:: DATA EXCERPTS

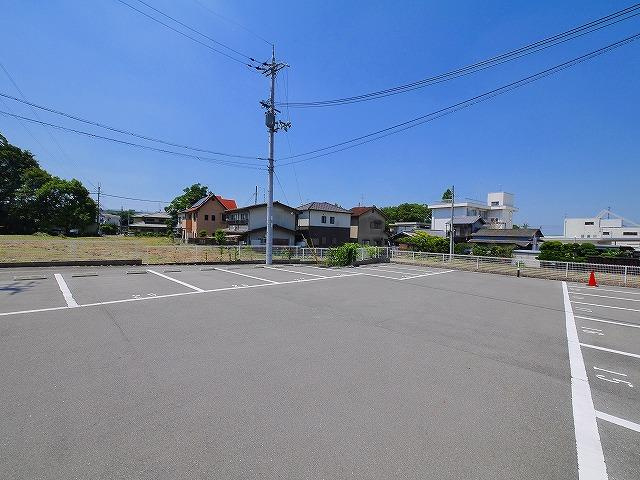 グランヴィレッジの駐車場|車をお持ちの方に嬉しい駐車場付き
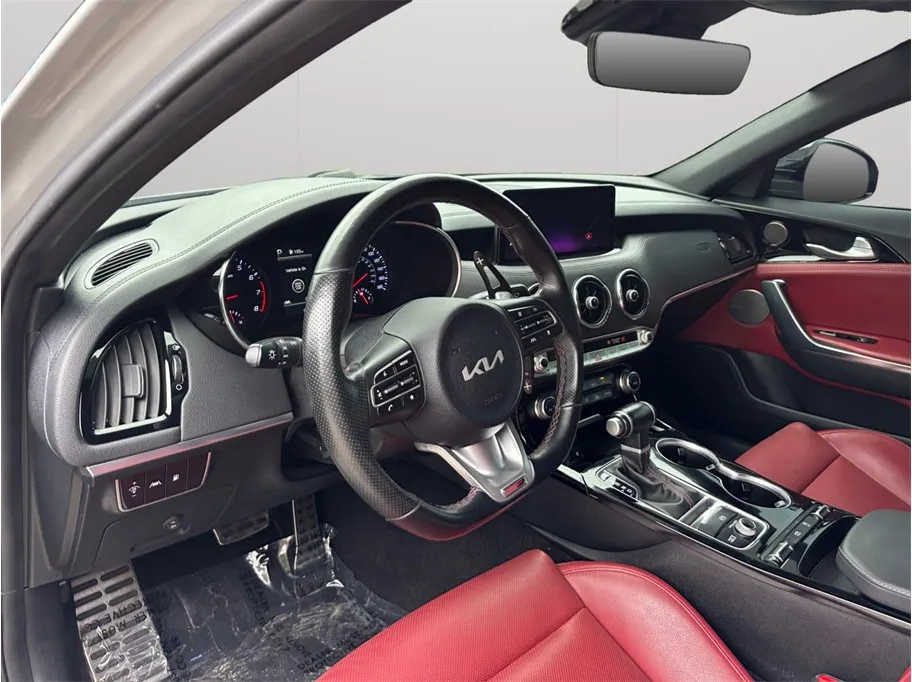 Kia Stinger photo 6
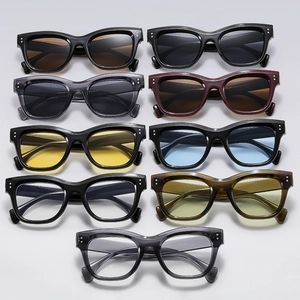 Fashion Square Sunglasses Retro PC Frame UV400 Protection Eyewear With Metal Rivets For Men And Women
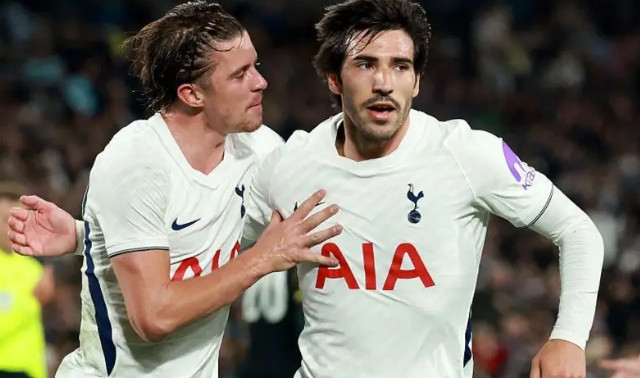 Chính De Zerbi đã ra sức thuyết phục Tonali gia nhập Tottenham.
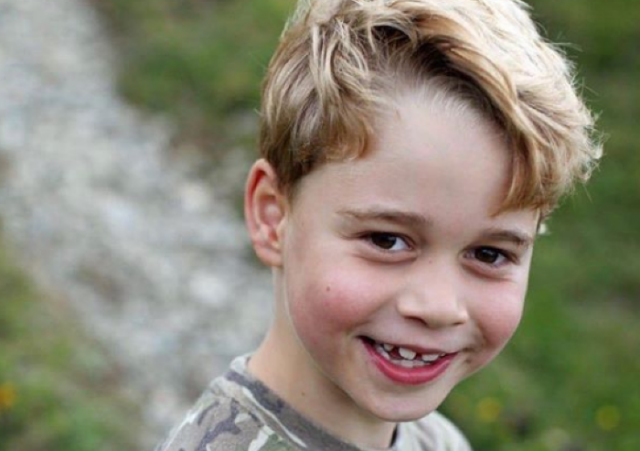 Kate and William share new photos of Prince George and he looks so adorable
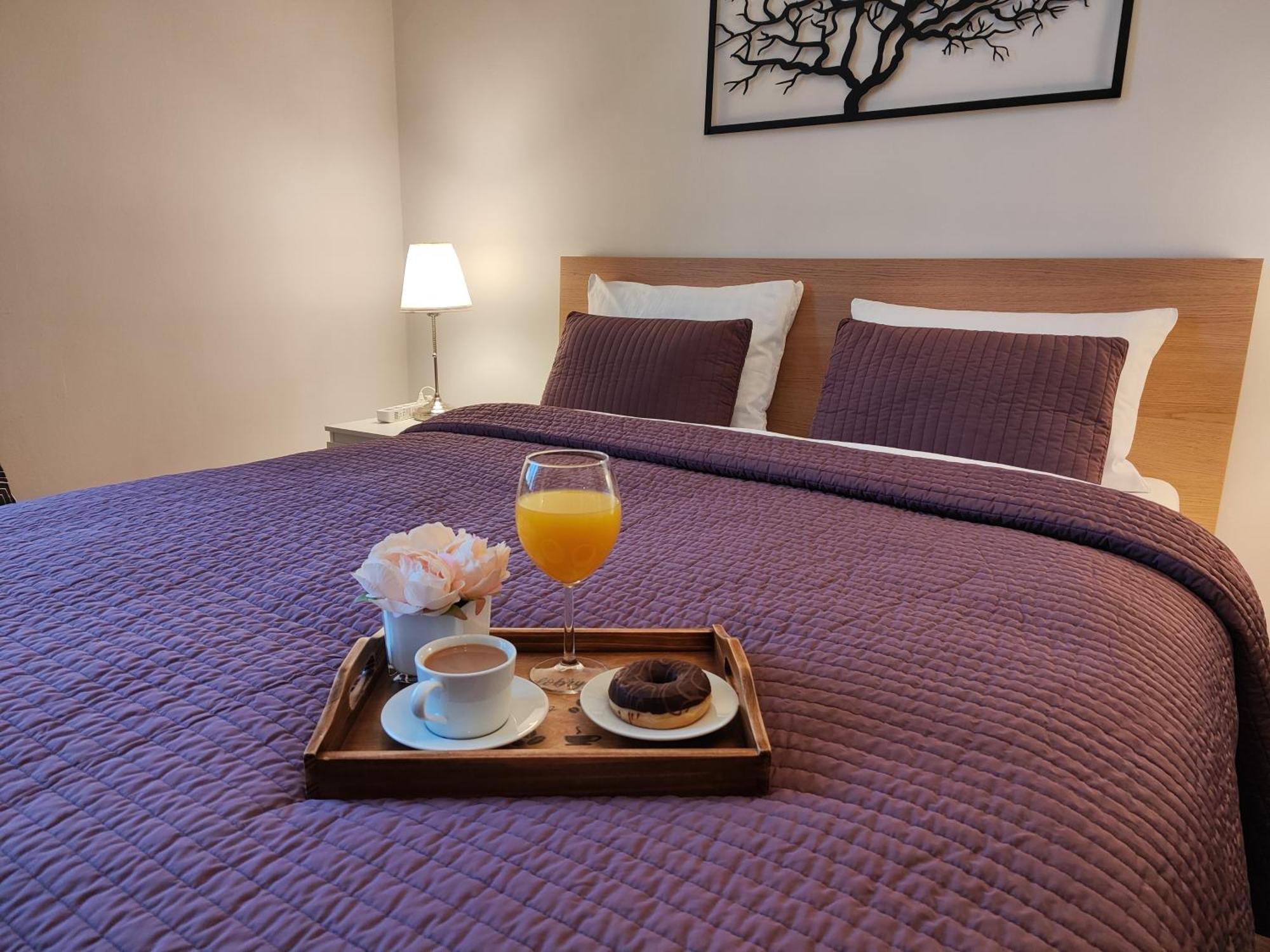 F-3 Krakow Rynek-Wawel O&P Apartfamily — Photos 1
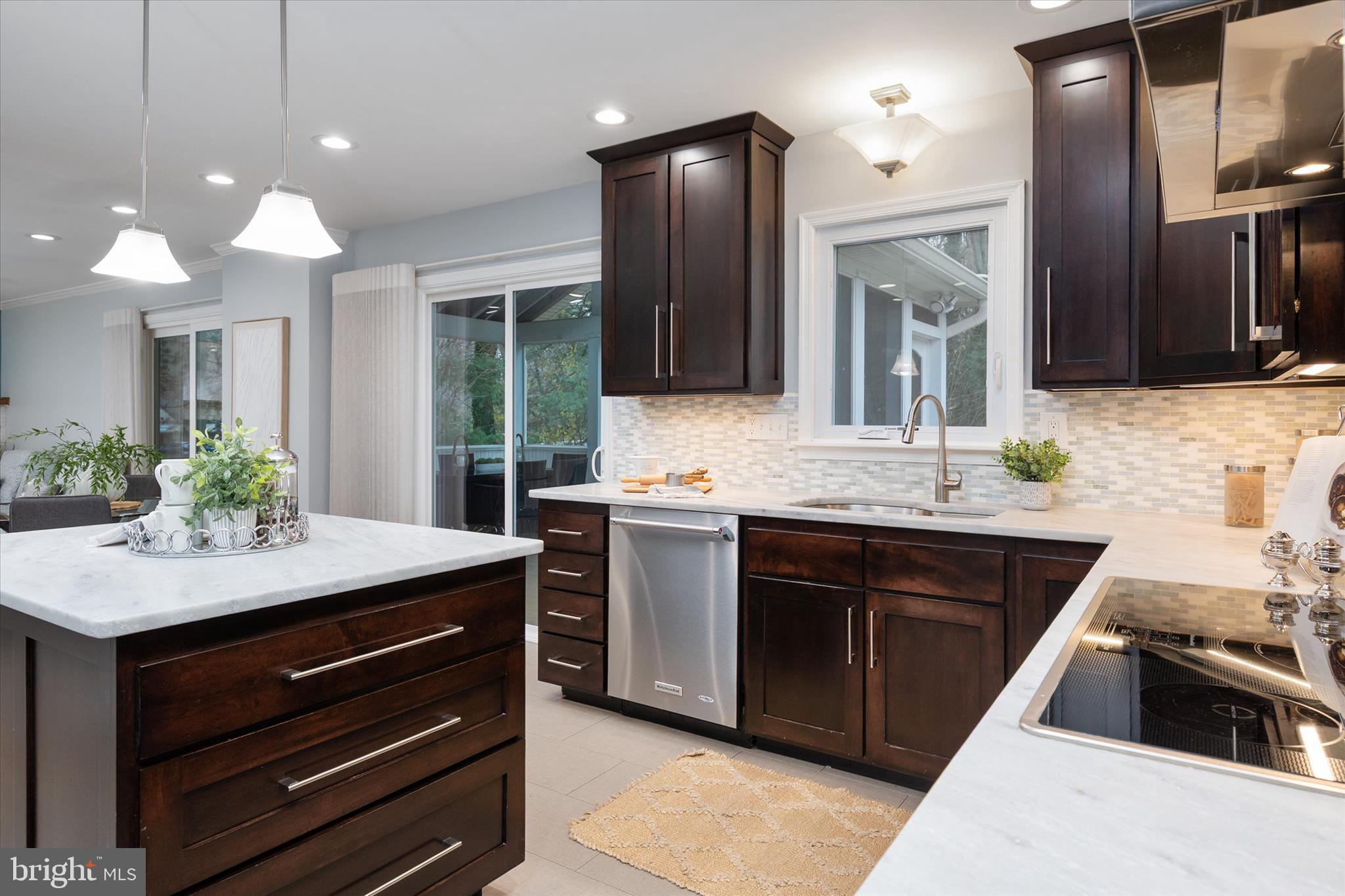 201 AUTUMN CHASE DRIVE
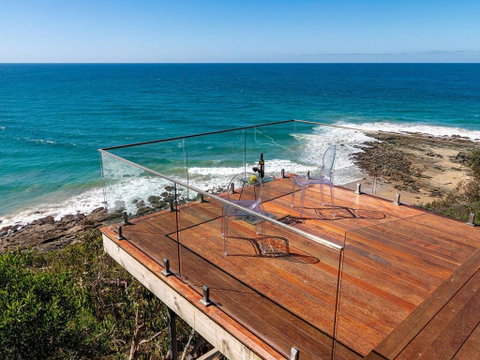 THE DECK HOUSE - A WYE RIVER ICON - Hotel WA 1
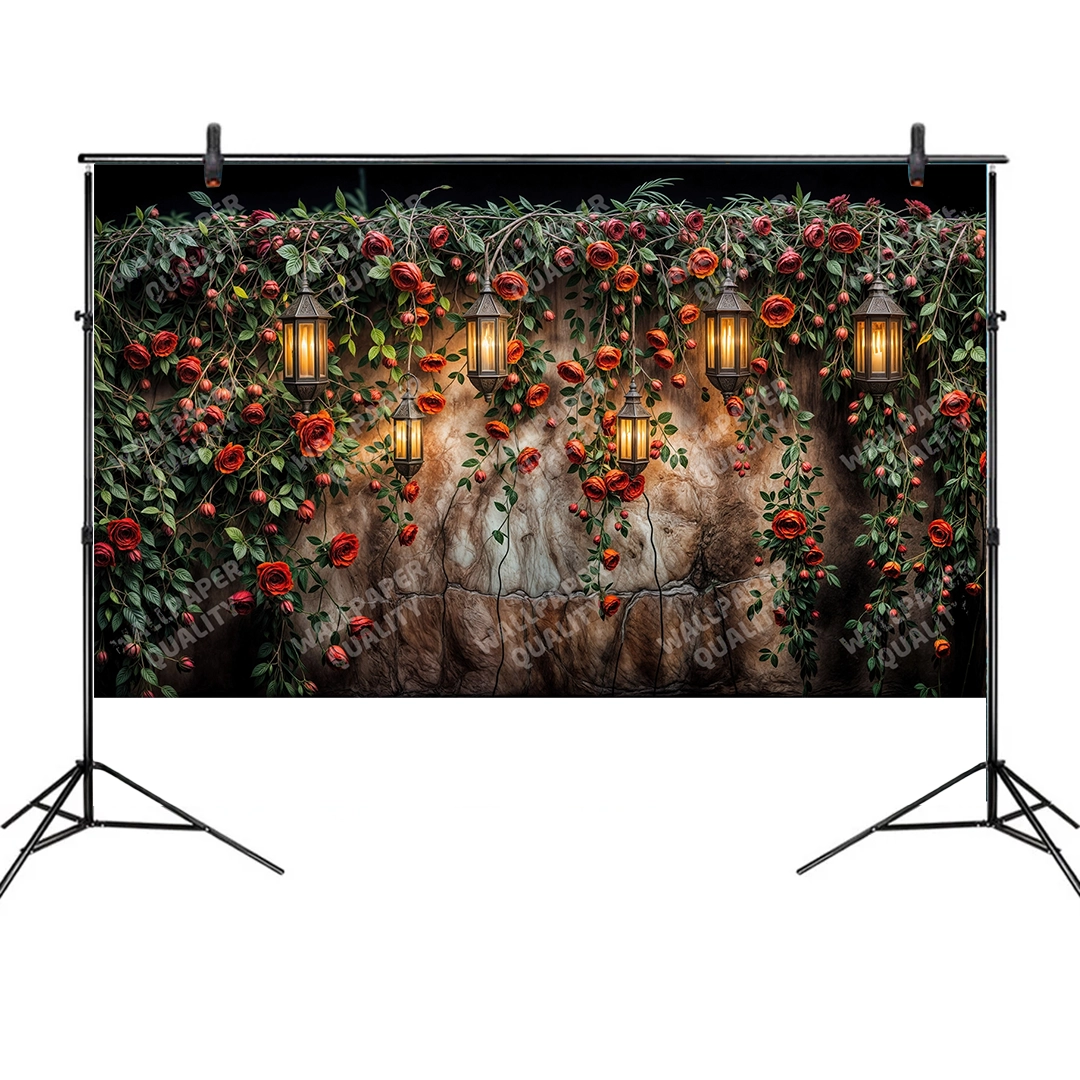 Kırmızı Güller Kuşburnu Detayları ve Antik Fenerlerin Büyülü Işıltısı Fon Kumaş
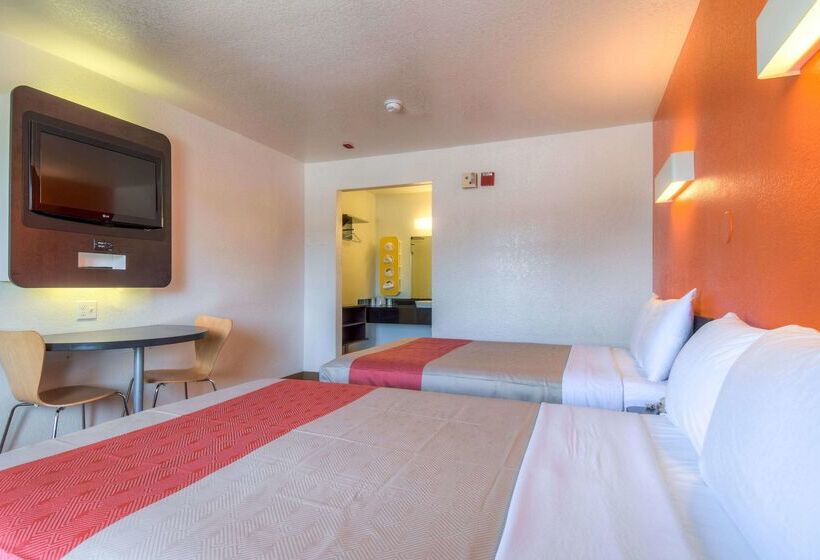 Motel 6 Chula Vista, Ca   San Diego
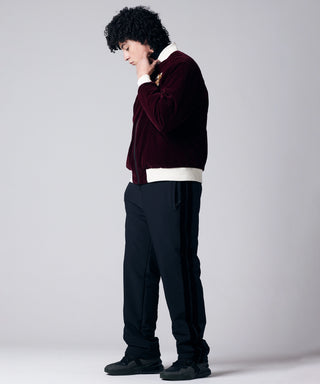 ブラック(ブラック)／モデル身長 180cm／着用サイズ L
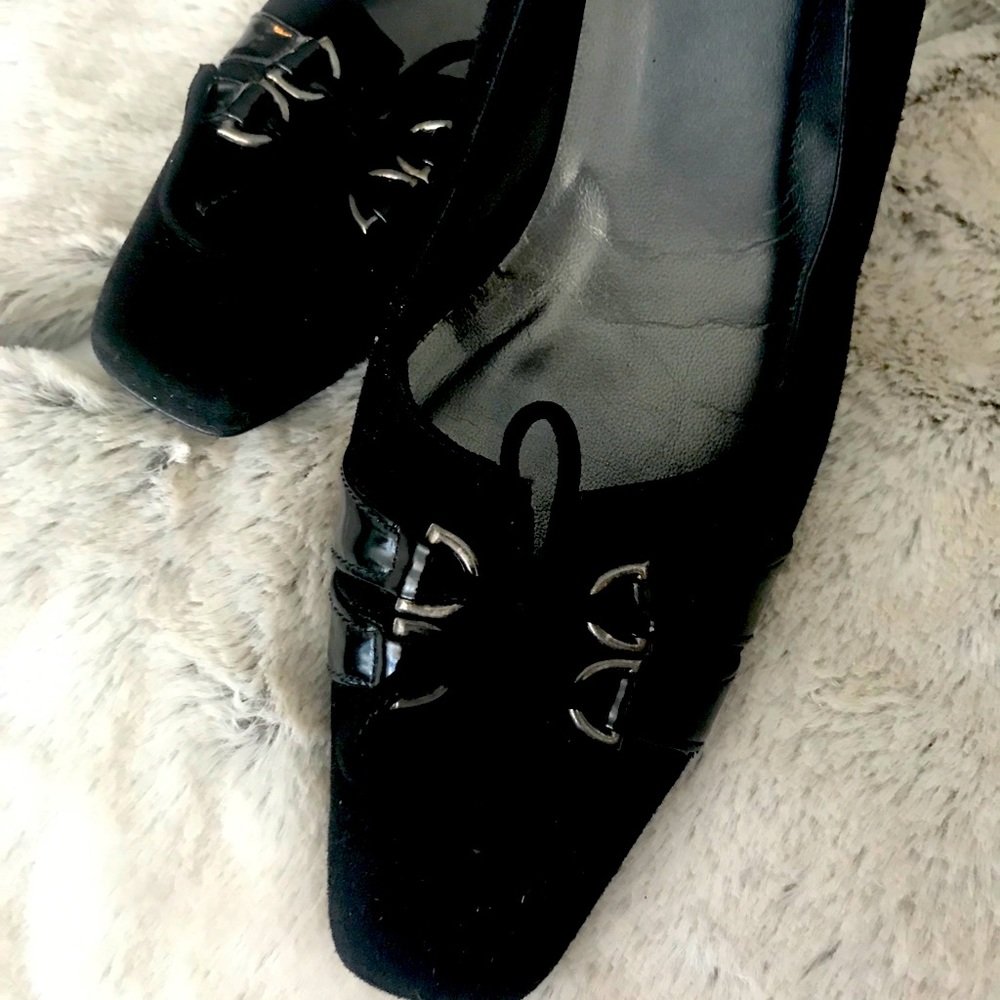 Like new Stuart Weitzman black suede low heels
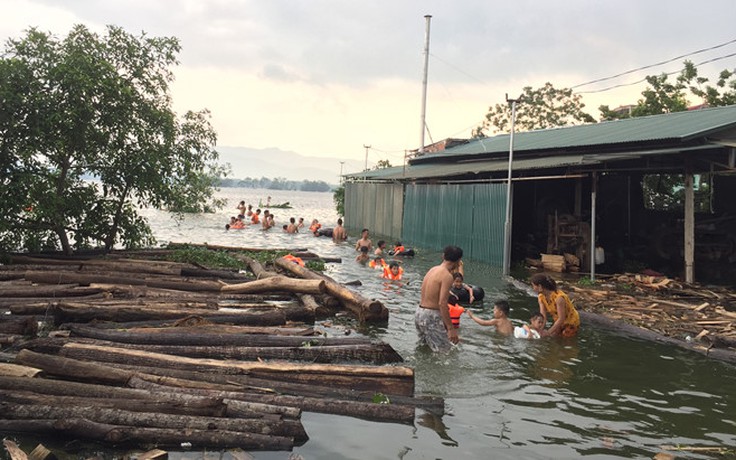 Lũ trắng đồng, ngập lụt nhà dân ở ngoại thành Hà Nội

::::

> **ABOUT THIS TASK**: Please restate, word for word, the lines from the one with "Kia Stinger photo 6" through the final line of the material, both included, and omit the pictures.

> **EXERCISE RESPONSE**:
 Kia Stinger photo 6
 Fashion Square Sunglasses Retro PC Frame UV400 Protection Eyewear With Metal Rivets For Men And Women
 Chính De Zerbi đã ra sức thuyết phục Tonali gia nhập Tottenham.
 Kate and William share new photos of Prince George and he looks so adorable
 F-3 Krakow Rynek-Wawel O&P Apartfamily — Photos 1
 201 AUTUMN CHASE DRIVE
 THE DECK HOUSE - A WYE RIVER ICON - Hotel WA 1
 Kırmızı Güller Kuşburnu Detayları ve Antik Fenerlerin Büyülü Işıltısı Fon Kumaş
 Motel 6 Chula Vista, Ca   San Diego
 ブラック(ブラック)／モデル身長 180cm／着用サイズ L
 Like new Stuart Weitzman black suede low heels
 Lũ trắng đồng, ngập lụt nhà dân ở ngoại thành Hà Nội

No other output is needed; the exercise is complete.